Introduction
Vocational rehabilitation (VR) is an umbrella term used to describe the wide range of processes and interventions that enable people with a health condition, injury or disability to enter, return to, or remain in work. As such, the current state of VR services is critical to the wellbeing-at-work agenda and the expected need, with an ageing population, for an even greater emphasis on enabling people with health conditions to remain in employment. This chapter examines VR interventions and the contexts in which services are delivered. Contemporary approaches to VR are discussed, including traditional condition-focused and newer occupation-focused perspectives. The discussions place a particular emphasis on how contextual factors influence practice within this field. The chapter goes on to explore how advancements in VR services have been hampered by significant challenges, not least terminological inconsistencies, shifting socio-political agendas and a traditionally reductionist approach to interventions. It then touches on the impact of historical trends on the sustained development of these types of services, together with tensions posed by factors such as a lack of professional regulation within the sector. Finally, the chapter explores the shift in focus towards early intervention and the likely impact of planned welfare reforms.

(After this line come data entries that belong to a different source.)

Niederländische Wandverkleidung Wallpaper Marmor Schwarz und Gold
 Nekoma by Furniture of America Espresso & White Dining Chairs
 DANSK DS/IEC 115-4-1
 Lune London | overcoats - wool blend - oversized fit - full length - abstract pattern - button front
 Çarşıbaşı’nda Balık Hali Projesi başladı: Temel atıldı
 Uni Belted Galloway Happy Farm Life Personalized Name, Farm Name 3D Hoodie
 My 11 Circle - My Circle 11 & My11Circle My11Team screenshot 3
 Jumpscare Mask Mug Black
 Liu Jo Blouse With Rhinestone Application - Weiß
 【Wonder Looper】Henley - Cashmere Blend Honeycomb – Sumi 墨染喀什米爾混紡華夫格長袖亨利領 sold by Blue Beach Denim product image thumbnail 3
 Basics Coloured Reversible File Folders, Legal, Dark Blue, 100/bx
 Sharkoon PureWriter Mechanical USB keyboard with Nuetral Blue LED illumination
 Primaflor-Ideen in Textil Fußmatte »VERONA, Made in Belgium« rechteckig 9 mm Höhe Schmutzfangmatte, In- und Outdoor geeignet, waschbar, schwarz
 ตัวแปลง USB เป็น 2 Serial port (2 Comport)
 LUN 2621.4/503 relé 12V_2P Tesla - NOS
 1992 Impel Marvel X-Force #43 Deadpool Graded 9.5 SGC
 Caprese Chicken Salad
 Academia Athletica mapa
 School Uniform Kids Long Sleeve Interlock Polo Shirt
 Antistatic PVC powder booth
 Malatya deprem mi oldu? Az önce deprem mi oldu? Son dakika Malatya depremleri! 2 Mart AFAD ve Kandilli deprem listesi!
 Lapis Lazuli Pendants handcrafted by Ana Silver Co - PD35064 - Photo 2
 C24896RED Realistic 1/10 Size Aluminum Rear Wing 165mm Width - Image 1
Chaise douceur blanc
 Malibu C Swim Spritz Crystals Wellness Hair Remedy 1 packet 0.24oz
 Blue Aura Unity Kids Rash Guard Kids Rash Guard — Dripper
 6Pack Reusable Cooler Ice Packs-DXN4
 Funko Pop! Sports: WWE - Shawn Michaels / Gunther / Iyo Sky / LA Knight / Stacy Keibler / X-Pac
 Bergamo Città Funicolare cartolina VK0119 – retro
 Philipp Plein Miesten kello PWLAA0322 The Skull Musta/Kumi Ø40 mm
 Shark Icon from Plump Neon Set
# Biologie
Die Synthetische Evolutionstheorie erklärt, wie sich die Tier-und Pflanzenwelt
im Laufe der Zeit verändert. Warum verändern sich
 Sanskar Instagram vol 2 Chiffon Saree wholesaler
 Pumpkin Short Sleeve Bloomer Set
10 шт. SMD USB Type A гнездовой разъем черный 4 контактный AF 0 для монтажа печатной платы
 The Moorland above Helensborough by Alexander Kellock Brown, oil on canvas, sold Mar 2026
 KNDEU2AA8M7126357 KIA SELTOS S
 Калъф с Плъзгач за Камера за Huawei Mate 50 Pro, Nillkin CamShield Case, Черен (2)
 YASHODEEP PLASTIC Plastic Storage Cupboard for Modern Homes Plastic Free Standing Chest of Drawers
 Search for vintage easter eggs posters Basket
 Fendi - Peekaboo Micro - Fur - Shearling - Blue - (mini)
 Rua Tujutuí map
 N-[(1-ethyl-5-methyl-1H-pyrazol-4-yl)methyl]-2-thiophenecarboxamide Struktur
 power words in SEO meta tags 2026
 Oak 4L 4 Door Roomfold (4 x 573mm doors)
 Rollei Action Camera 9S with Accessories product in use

A lack of shared understanding: evidence, terminology and frameworks
Within healthcare, the ability to demonstrate the effectiveness of a particular intervention has long been highly prized. Within VR, there is the added requirement to make a business case that demonstrates the cost-effectiveness of the intervention (Joss, 2002). However, there remains a lack of consensus as to what VR means, or what it entails. This lack of clarity has negatively affected researchers’ ability to generate the substantive evidence needed to drive practice forwards in a consistent manner. This problem is coupled with the difficulties inherent in evaluating complex healthcare interventions of this kind (Campbell et al, 2000).
As a result, the literature fails to reflect an accurate understanding of the multidimensional nature of the role of return-to-work facilitators and the VR process (Shaw and Polatajko, 2002). For many years, useful descriptive accounts of well-established programmes designed to assist people into, and back to, work have been published within the international literature (Floyd, 1996; Pratt and Jacobs, 1997; O’Halloran, 2002; Koch and Rumrill, 2003; Curtis, 2003).